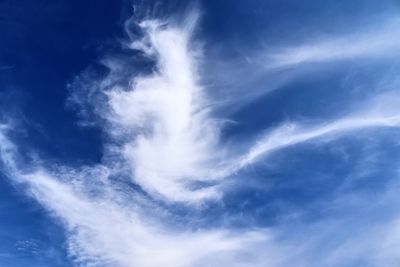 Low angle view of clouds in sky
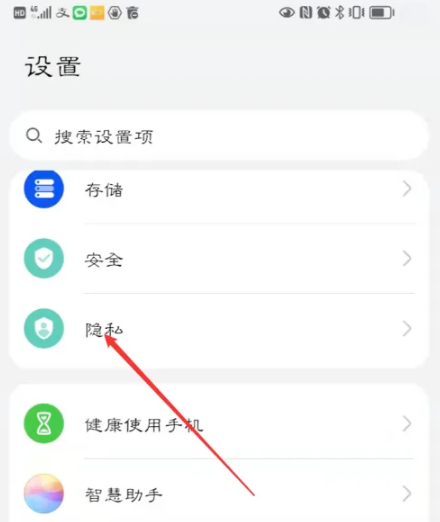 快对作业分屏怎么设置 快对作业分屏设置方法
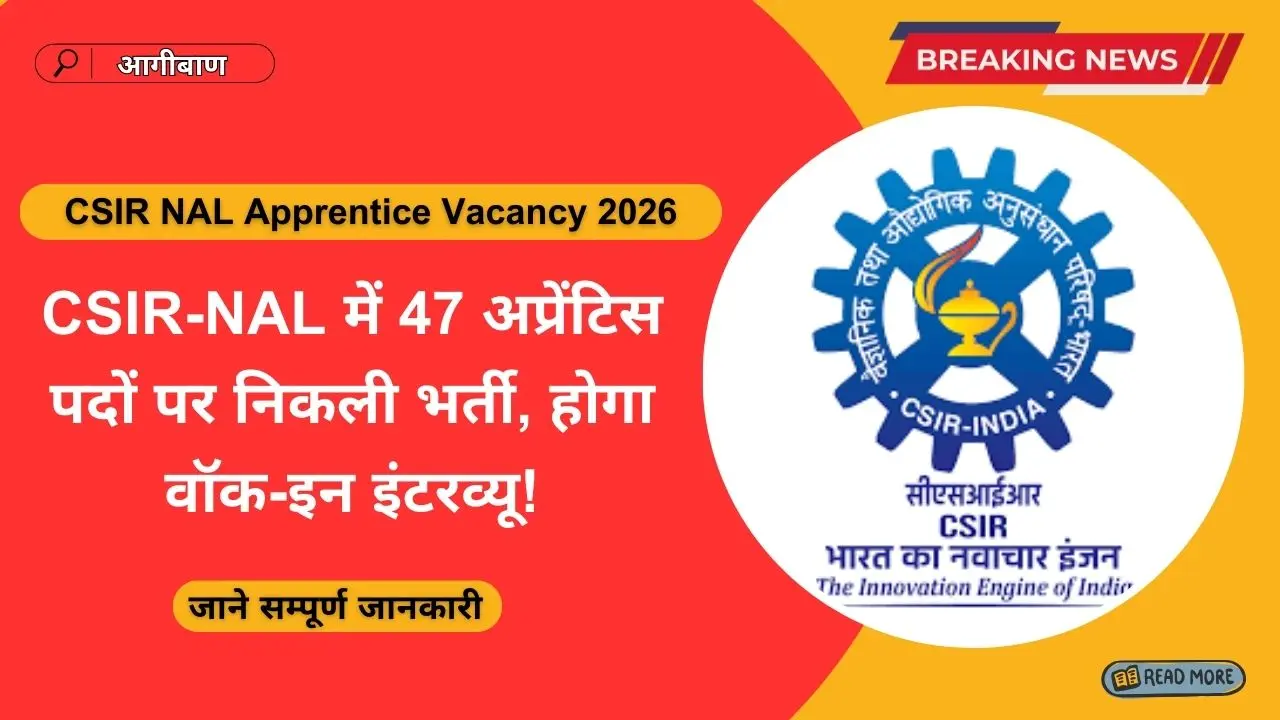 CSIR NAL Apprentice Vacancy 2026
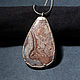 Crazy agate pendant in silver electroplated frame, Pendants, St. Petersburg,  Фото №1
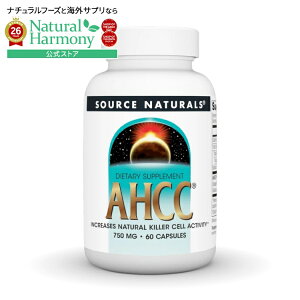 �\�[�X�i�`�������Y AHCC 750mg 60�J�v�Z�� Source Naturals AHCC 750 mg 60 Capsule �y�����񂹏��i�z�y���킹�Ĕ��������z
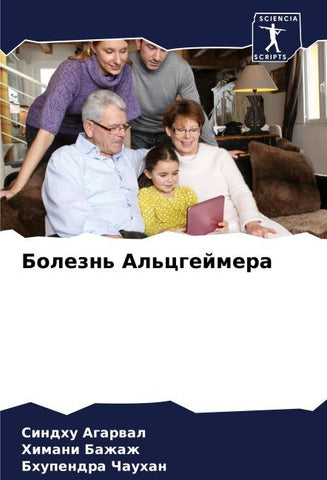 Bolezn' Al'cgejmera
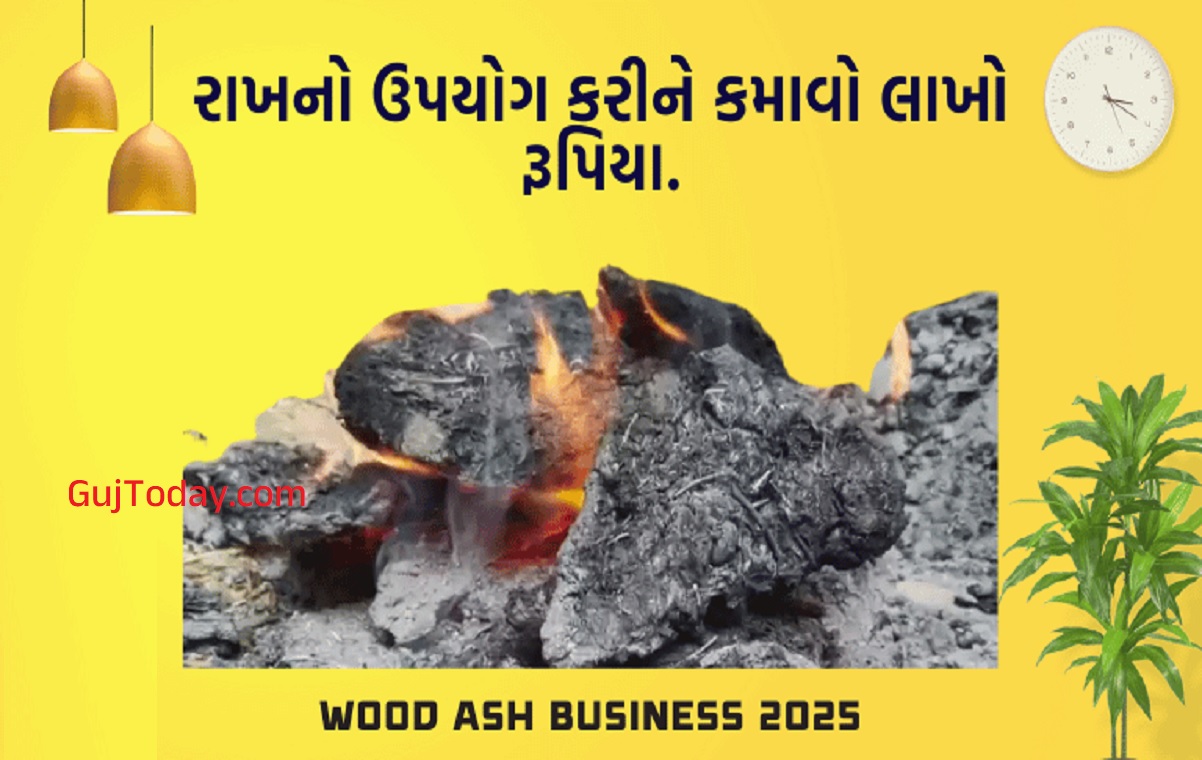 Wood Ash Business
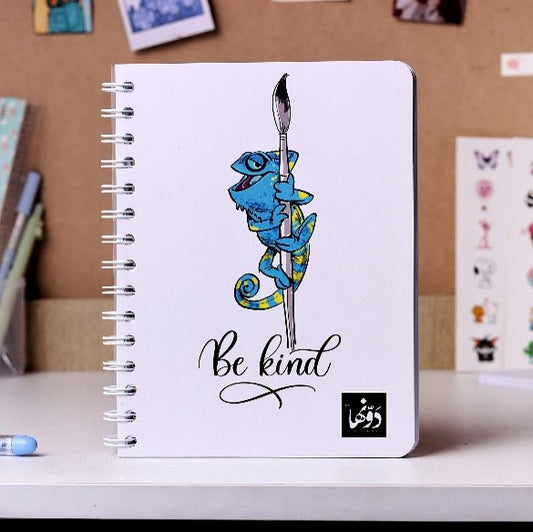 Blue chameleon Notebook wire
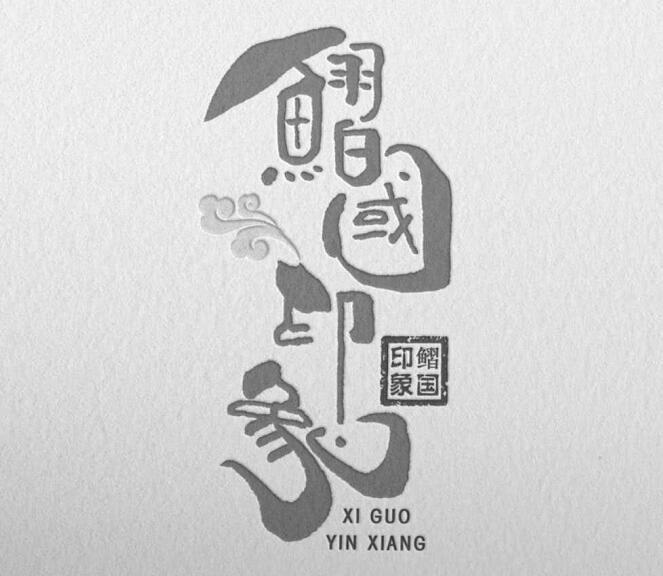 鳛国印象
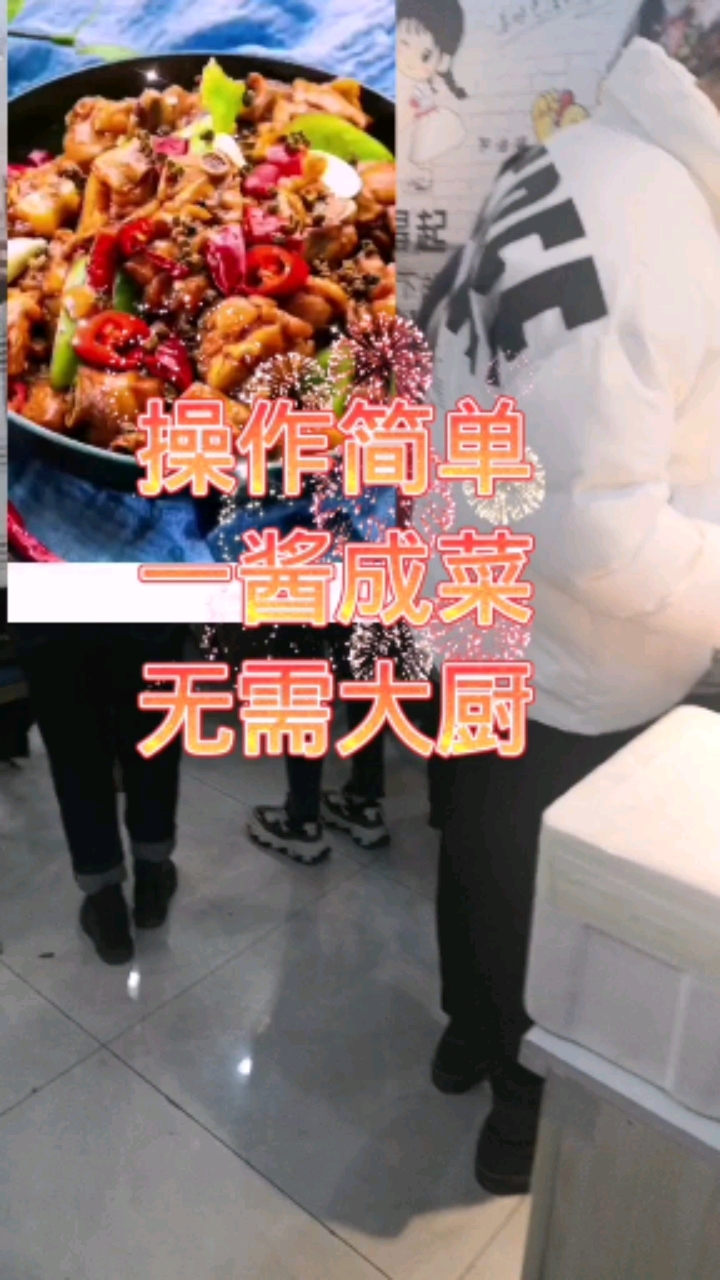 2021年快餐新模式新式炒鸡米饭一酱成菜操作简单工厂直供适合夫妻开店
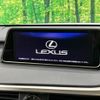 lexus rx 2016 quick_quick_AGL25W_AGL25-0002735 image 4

--

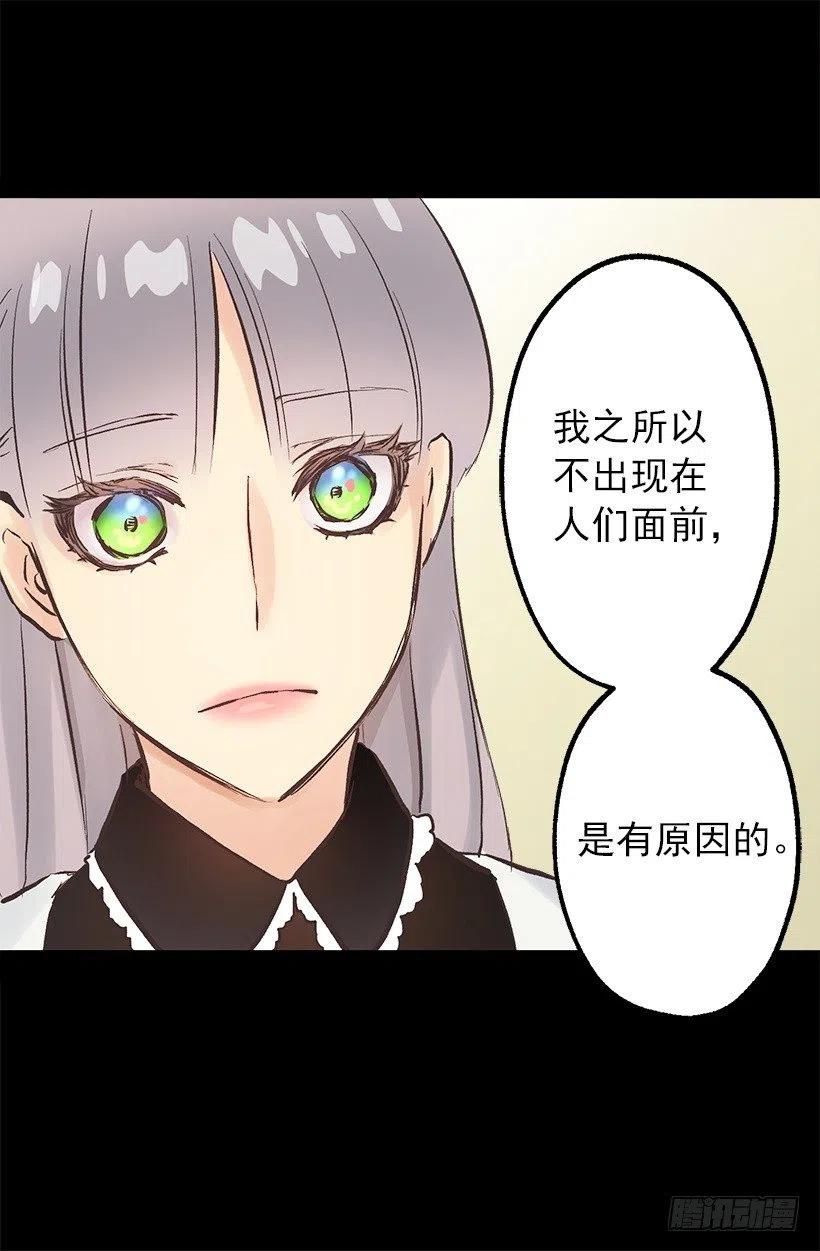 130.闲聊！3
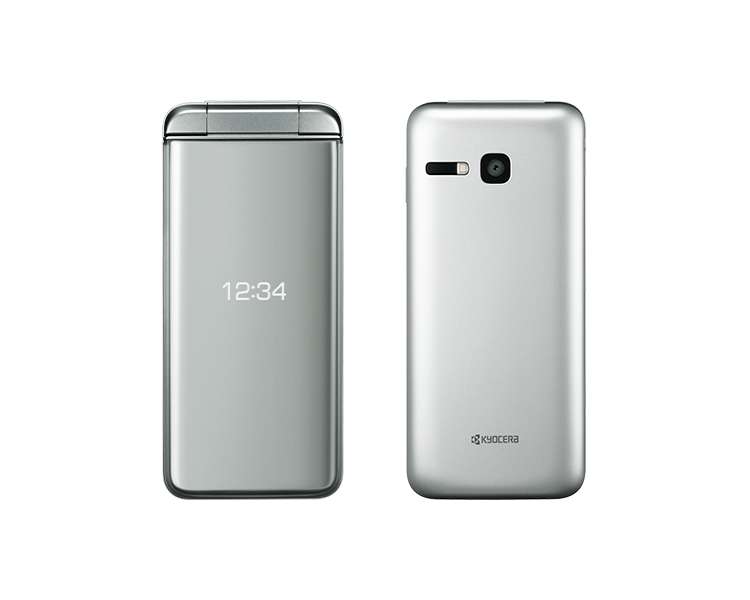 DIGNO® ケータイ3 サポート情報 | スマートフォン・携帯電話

==

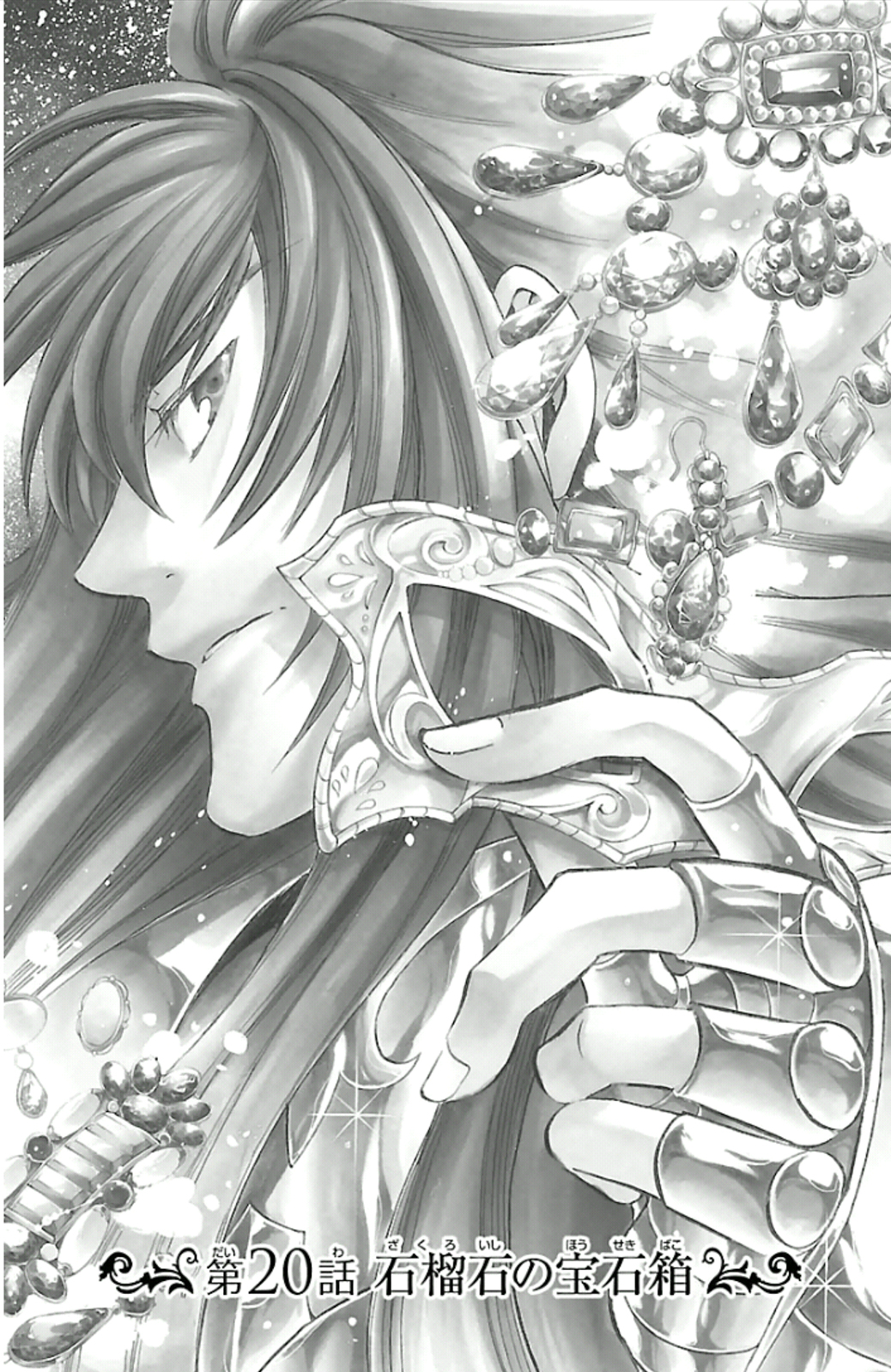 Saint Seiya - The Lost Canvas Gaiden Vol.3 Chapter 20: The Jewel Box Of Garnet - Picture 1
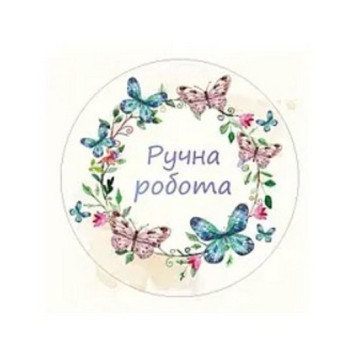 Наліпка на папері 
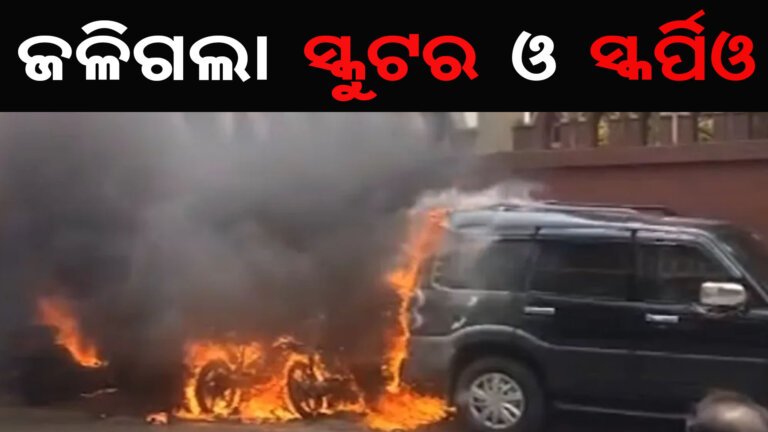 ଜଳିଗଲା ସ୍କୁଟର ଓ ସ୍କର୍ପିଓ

== What is expected ==
In the listing above, find the line containing "Low angle view of clouds in sky" and the line containing "lexus rx 2016". Reproduce those lines and all between them exactly, with no pictures and nothing more.

== Response area ==
 Low angle view of clouds in sky
 快对作业分屏怎么设置 快对作业分屏设置方法
 CSIR NAL Apprentice Vacancy 2026
 Crazy agate pendant in silver electroplated frame, Pendants, St. Petersburg,  Фото №1
 �\�[�X�i�`�������Y AHCC 750mg 60�J�v�Z�� Source Naturals AHCC 750 mg 60 Capsule �y�����񂹏��i�z�y���킹�Ĕ��������z
 Bolezn' Al'cgejmera
 Wood Ash Business
 Blue chameleon Notebook wire
 鳛国印象
 2021年快餐新模式新式炒鸡米饭一酱成菜操作简单工厂直供适合夫妻开店
 lexus rx 2016 quick_quick_AGL25W_AGL25-0002735 image 4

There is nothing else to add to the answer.